Today's interview suggests Qualcomm is still open to settlement talks, but whether that will happen remains to be seen. If Apple and Qualcomm do not settle, we can expect a legal battle that will continue on for several years.
The fight between Apple and Qualcomm started in January, after the FTC complained that Qualcomm had engaged in anticompetitive patent licensing practices.

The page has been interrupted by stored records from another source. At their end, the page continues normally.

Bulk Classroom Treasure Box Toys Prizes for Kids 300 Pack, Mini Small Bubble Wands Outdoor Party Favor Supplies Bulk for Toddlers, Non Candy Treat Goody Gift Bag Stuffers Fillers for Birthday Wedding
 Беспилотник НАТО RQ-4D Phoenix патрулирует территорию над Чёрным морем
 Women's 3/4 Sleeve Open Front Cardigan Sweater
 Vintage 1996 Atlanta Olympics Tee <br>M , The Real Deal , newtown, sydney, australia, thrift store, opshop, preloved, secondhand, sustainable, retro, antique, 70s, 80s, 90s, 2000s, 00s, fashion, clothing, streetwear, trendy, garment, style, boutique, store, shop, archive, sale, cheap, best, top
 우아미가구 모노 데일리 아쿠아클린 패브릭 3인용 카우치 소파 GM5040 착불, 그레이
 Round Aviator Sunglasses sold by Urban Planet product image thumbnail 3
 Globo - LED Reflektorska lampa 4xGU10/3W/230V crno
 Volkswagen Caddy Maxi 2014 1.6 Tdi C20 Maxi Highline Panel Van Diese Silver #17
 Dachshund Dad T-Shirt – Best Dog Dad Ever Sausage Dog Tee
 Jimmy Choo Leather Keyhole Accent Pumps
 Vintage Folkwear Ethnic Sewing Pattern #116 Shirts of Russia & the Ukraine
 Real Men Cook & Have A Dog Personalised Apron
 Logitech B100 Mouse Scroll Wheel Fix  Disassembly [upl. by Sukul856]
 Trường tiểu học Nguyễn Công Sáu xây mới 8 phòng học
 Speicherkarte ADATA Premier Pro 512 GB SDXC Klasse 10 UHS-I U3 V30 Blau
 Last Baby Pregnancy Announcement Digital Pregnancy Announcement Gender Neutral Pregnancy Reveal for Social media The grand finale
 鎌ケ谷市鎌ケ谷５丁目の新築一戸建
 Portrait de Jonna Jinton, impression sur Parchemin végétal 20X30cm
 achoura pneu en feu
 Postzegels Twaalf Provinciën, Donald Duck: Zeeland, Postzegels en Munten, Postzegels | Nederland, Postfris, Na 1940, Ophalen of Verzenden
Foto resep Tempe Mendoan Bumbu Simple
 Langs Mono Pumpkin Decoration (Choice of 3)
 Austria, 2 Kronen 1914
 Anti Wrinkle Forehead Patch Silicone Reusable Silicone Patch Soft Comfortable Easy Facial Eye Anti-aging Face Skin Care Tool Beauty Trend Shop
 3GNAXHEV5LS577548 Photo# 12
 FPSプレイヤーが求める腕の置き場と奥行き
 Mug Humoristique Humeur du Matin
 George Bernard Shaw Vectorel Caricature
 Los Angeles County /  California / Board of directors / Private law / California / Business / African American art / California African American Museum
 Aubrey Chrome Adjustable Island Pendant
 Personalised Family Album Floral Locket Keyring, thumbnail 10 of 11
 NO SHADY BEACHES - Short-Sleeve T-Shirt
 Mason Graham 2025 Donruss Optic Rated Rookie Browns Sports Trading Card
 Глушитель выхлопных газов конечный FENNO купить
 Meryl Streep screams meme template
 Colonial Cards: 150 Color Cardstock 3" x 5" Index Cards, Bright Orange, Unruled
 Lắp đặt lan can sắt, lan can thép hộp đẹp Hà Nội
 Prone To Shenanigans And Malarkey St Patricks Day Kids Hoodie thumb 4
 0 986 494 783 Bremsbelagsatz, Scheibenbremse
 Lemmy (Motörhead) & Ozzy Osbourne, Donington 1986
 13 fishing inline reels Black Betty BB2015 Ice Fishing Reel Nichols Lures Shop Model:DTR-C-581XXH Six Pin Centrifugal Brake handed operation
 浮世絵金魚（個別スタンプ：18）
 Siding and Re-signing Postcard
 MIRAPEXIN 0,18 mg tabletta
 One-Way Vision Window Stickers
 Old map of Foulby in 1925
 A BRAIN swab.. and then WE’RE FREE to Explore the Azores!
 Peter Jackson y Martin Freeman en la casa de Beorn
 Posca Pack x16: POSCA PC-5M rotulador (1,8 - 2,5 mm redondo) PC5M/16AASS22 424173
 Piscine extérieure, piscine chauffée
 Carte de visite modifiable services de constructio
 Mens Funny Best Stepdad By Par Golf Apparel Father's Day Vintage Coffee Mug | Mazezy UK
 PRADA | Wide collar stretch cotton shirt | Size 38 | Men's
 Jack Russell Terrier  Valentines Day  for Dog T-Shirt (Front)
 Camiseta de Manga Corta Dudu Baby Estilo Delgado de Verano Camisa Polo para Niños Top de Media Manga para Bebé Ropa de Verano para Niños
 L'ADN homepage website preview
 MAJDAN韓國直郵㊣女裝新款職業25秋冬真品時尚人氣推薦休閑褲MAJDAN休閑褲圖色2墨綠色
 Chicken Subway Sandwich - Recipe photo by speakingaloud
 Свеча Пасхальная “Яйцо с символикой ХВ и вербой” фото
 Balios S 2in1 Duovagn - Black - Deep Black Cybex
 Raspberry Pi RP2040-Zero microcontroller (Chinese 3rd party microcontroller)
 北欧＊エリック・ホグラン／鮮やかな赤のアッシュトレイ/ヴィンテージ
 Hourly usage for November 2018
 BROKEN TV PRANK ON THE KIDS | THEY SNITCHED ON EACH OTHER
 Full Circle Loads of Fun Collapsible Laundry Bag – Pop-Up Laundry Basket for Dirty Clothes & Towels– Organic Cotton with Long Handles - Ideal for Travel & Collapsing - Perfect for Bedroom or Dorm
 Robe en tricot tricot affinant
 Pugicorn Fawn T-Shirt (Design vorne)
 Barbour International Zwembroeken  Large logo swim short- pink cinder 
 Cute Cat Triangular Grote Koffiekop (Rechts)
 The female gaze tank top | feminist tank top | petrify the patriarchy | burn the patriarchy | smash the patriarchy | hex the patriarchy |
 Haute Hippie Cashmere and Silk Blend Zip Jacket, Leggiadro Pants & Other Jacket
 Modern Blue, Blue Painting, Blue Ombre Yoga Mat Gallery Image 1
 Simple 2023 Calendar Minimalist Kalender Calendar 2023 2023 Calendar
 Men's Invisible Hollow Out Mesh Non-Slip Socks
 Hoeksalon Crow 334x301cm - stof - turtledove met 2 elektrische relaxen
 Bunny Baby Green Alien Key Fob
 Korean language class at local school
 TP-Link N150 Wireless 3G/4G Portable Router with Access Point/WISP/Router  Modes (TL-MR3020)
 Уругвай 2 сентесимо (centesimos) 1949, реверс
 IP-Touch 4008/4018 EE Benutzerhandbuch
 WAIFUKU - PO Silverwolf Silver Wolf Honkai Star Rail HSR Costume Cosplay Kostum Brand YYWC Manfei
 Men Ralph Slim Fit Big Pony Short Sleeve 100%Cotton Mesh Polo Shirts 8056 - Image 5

Apple sued Qualcomm for $1 billion just days later, accusing the company of charging unfair royalties for "technologies they have nothing to do with" and refusing to pay quarterly rebates.
According to Apple, Qualcomm has overcharged it by billions of dollars by "double-dipping" with unfair patent licensing agreements, while Qualcomm claims its innovations are "at the heart of every iPhone" and that the royalties are fair.
Qualcomm went on to countersue Apple in April, accusing the company of breaching licensing agreements, making false statements, and encouraging regulatory attacks against Qualcomm, which prompted Apple to stop making royalty payments to Qualcomm entirely until a court can determine the proper amount due.
Apple in late June expanded its lawsuit against Qualcomm, and at the beginning of July, Qualcomm filed a separate patent lawsuit against Apple and asked the International Trade Commission to block imports of select iPhone and iPad models.